Scatterplot of CV vs VIF
cv_vif_plot.RdThis function provides a graphical representation of a scatter plot showing the Coefficient of Variation (CV) and the Variance Inflation Factor (VIF) for the independent variables (excluding the intercept) of a multiple linear regression model.
Details
The distinction between essential and non-essential multicollinearity and the limitations of each measure (CV and VIF) for detecting the different kinds of multicollinearity, can be very useful for identifying whether there is a troubling degree of multicollinearity, and determining the kind of multicollinearity present and the variables causing it.

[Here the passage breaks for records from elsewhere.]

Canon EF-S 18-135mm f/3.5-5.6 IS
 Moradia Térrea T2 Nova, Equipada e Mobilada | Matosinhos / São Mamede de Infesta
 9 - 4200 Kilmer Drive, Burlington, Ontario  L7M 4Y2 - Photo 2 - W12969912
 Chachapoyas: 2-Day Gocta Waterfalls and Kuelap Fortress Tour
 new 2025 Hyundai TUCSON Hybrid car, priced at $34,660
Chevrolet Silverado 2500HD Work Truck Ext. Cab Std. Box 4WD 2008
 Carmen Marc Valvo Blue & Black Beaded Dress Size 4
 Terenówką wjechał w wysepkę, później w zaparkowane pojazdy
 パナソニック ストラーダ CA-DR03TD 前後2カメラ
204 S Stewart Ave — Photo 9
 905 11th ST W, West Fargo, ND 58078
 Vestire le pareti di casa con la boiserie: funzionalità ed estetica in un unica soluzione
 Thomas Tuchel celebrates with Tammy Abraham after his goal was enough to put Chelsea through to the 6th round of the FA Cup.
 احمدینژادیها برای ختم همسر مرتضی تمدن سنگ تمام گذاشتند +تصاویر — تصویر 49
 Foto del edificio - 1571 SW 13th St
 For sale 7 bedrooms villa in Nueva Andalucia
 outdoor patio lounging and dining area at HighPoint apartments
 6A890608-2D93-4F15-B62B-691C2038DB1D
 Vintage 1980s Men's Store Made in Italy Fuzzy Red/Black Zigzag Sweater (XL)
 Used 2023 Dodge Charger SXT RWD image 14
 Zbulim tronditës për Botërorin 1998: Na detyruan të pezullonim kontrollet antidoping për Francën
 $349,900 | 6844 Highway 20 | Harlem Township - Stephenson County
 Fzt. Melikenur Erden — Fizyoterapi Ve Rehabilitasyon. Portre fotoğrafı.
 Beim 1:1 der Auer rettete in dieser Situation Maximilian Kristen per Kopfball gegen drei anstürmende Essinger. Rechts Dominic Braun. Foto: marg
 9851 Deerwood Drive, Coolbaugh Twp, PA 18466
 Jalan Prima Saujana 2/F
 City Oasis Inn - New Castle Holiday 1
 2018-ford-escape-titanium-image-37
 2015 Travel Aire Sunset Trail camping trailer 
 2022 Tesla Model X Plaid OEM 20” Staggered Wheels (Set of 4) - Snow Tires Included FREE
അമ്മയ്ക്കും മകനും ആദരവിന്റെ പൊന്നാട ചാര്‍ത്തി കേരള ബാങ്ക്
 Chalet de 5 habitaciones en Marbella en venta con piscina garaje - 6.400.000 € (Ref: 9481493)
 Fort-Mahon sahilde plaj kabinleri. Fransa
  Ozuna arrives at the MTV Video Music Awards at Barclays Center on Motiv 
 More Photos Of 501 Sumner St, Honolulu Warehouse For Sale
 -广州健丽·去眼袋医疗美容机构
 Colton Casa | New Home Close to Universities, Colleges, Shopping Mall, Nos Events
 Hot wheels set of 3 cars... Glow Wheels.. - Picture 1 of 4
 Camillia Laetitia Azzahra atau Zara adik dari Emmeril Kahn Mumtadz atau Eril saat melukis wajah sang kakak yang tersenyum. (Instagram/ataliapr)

For this purpose, it is important to include the lines corresponding to the established thresholds for each measure in the representation of the scatter plot of the CV and VIF: a dashed vertical line for 0.1002506 (CV) and a dotted horizontal line for 10 (VIF). These lines determine four regions (see Example 1), which can be interpreted as follows: A: existence of troubling non-essential and non-troubling essential multicollinearity; B: existence of troubling essential and non-essential multicollinearity; C: existence of non-troubling non-essential and troubling essential multicollinearity; D: non-troubling degree of existing multicollinearity (essential and non-essential).
References
Salmerón, R., García, C.B. and García, J. (2018). Variance inflation factor and condition number in multiple linear regression. Journal of Statistical Computation and Simulation, 88:2365-2384, doi: https://doi.org/10.1080/00949655.2018.1463376.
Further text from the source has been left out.